The base pipes of the sand control segments define joints of perforated or
slotted tubing.
Each sand control segment further comprises a filtering medium, which
surrounds the base
pipe along a substantial portion of the base pipe. The filtering medium may
comprise a wire-
wrapped screen, a slotted liner, a membrane screen, an expandable screen, a
sintered metal
screen, a wire-mesh screen, a shape memory polymer, or a pre-packed solid
particle bed.
Together, the base pipe and the filtering medium form a sand screen.

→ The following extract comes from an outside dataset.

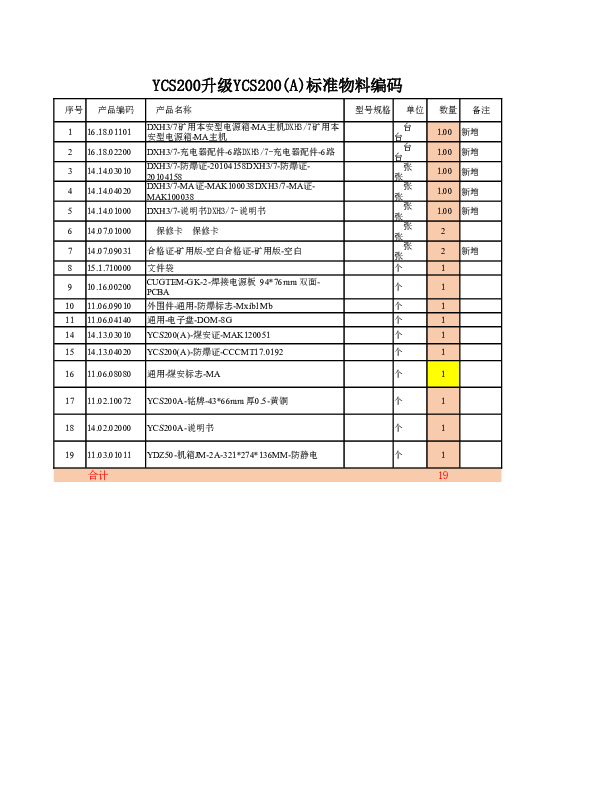 YCS200升级YCS200(A)标准物料——装箱清单.xlsx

[00226] The sand screens are arranged to have alternate flow path
technology. In this
respect, each sand screen includes at least one transport conduit configured
to bypass the base
pipe. The transport conduits extend substantially along the base pipe. Each
sand control
device further comprises at least one packing conduit. Each packing conduit
has a nozzle
configured to release gravel packing slurry into an annular region between the
filtering
medium and a surrounding subsurface formation.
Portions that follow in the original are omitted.